Miniony sezon miał być dla Adamczyka tym z gatunku „make or break”. Od dawna wiadomo było, że ma talent. Ale niekoniecznie go pokazywał. Błysnął w końcówce sezonu 19/20, więc nic dziwnego, że rozbudził oczekiwania. Ale wszystko poszło nie tak. Doznał kontuzji, większość sezonu spędził na dochodzeniu do zdrowia, a potem – do formy.
Do której finalnie nie doszedł. Zakończył rozgrywki bez gola i asysty, mimo że szanse w Wiśle Płock dostawał. Płocczanie uznali, że nie są zainteresowani dalszą współpracą. Skorzystała Arka, z którą Adamczyk jest powiązany menedżersko.

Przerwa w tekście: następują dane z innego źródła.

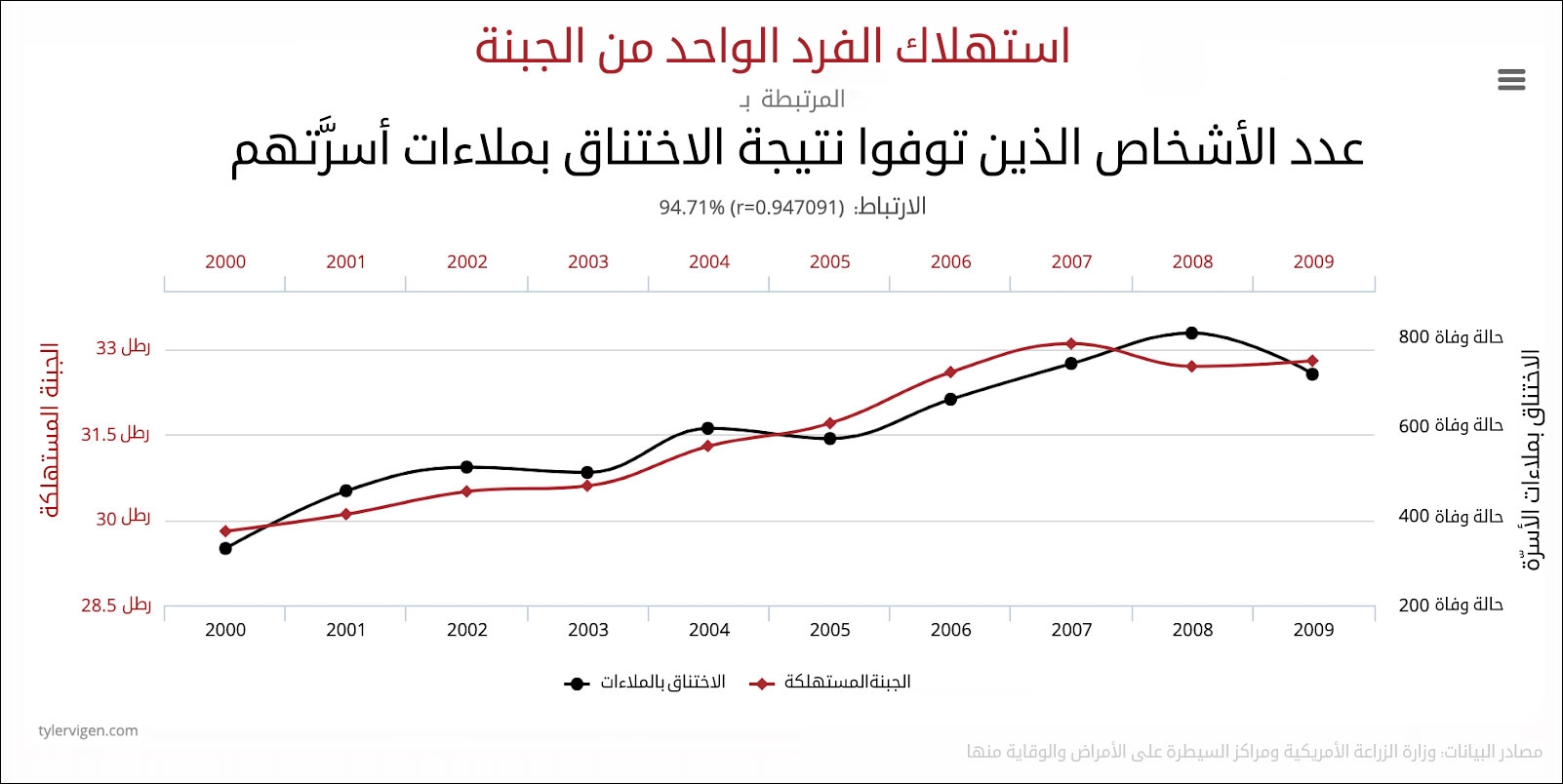 العلاقة بين استهلاك الجبنة، وعدد الأشخاص الذين قتلتهم ملاءات أسرَّتهم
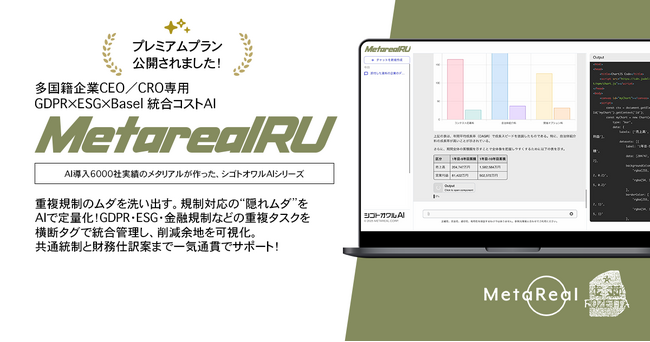 GDPR×ESG×Basel 統合コストAIエージェント「Metareal レグスタック(Metareal RU)」プレミアムプラン9/24提供開始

Adamczyk to wychowanek Zawiszy. Najgłośniej o nim było w momencie, gdy ściągnęła go do siebie Chelsea Londyn. Po powrocie do Polski nie zachwycił – czy to w Cracovii, czy Olimpii Grudziądz, czy Wiśle Płock. Dobry okres zaliczył w GKS-ie Tychy, ale nic wielkiego za tym nie poszło.